Instructions for the task
Start the copy at the line containing "Permission denied for" and run it through the last line of the records. Repeat each line exactly; omit pictures.

[Start of section]

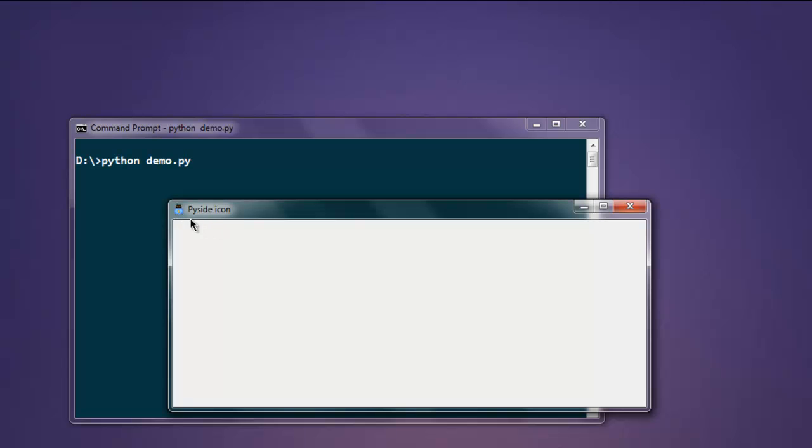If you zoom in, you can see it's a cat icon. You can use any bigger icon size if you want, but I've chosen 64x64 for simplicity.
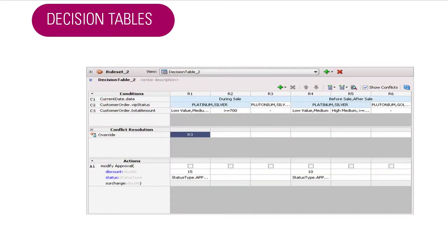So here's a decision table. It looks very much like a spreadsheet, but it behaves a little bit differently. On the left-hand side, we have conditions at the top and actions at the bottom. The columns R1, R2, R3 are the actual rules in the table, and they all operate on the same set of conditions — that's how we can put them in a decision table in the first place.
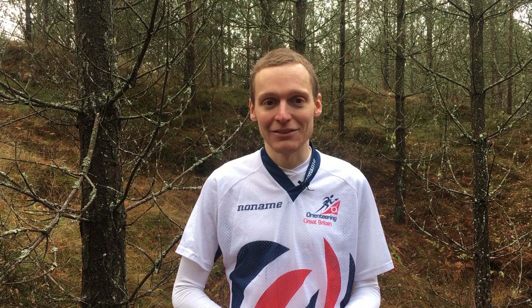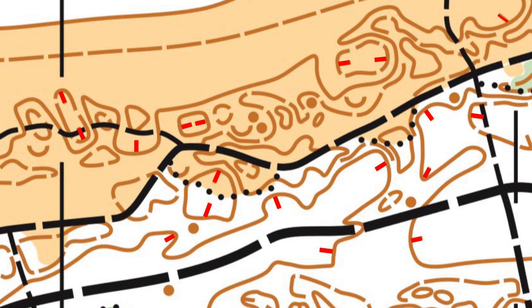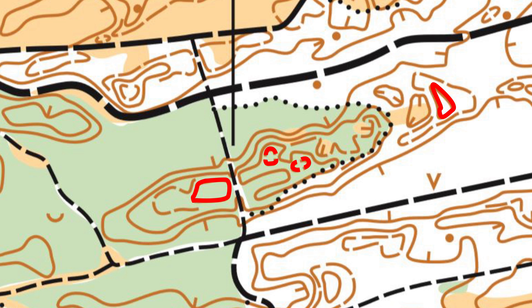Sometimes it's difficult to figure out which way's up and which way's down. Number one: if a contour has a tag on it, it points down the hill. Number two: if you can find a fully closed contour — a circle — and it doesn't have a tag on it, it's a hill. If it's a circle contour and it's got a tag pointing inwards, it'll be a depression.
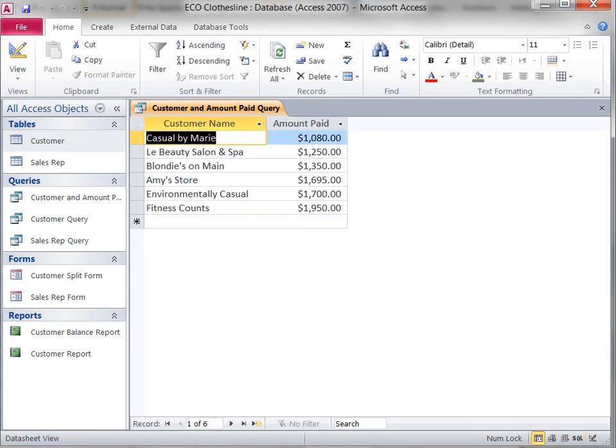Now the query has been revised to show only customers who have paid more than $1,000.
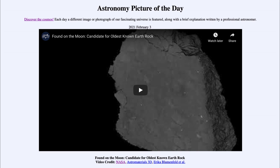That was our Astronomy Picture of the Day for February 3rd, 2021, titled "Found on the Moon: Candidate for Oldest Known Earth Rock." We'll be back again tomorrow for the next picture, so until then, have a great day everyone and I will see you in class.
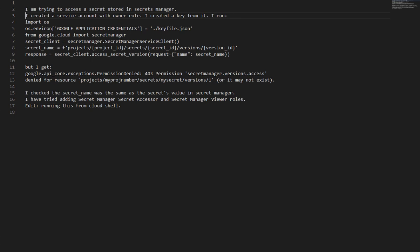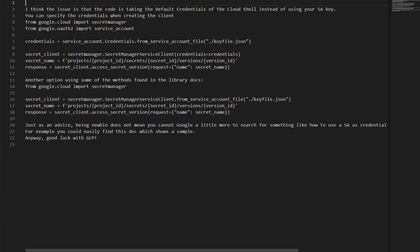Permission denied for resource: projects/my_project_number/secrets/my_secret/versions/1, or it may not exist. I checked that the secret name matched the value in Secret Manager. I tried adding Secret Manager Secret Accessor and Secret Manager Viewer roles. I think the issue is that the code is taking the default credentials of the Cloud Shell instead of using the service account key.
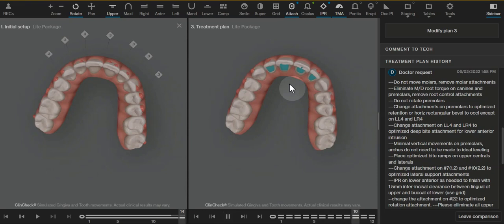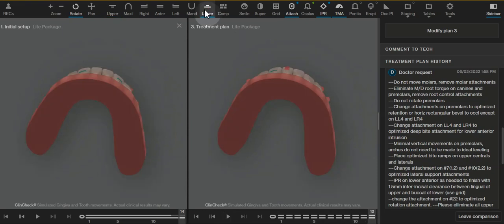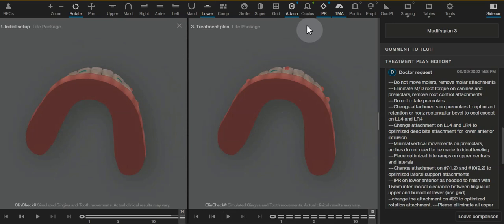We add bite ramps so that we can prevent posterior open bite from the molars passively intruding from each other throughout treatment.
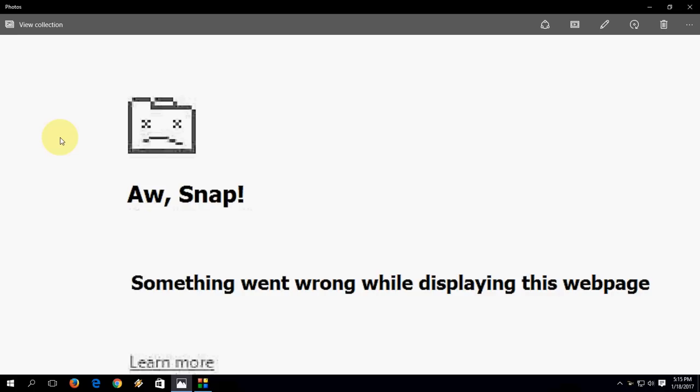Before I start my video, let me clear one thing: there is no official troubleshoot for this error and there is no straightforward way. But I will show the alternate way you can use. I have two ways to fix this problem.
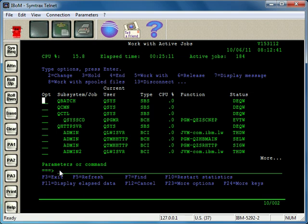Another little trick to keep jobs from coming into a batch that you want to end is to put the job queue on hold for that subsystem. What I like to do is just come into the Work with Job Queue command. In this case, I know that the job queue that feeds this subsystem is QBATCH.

[End of section]

Response
Permission denied for resource: projects/my_project_number/secrets/my_secret/versions/1, or it may not exist. I checked that the secret name matched the value in Secret Manager. I tried adding Secret Manager Secret Accessor and Secret Manager Viewer roles. I think the issue is that the code is taking the default credentials of the Cloud Shell instead of using the service account key.
We add bite ramps so that we can prevent posterior open bite from the molars passively intruding from each other throughout treatment.
Before I start my video, let me clear one thing: there is no official troubleshoot for this error and there is no straightforward way. But I will show the alternate way you can use. I have two ways to fix this problem.
Another little trick to keep jobs from coming into a batch that you want to end is to put the job queue on hold for that subsystem. What I like to do is just come into the Work with Job Queue command. In this case, I know that the job queue that feeds this subsystem is QBATCH.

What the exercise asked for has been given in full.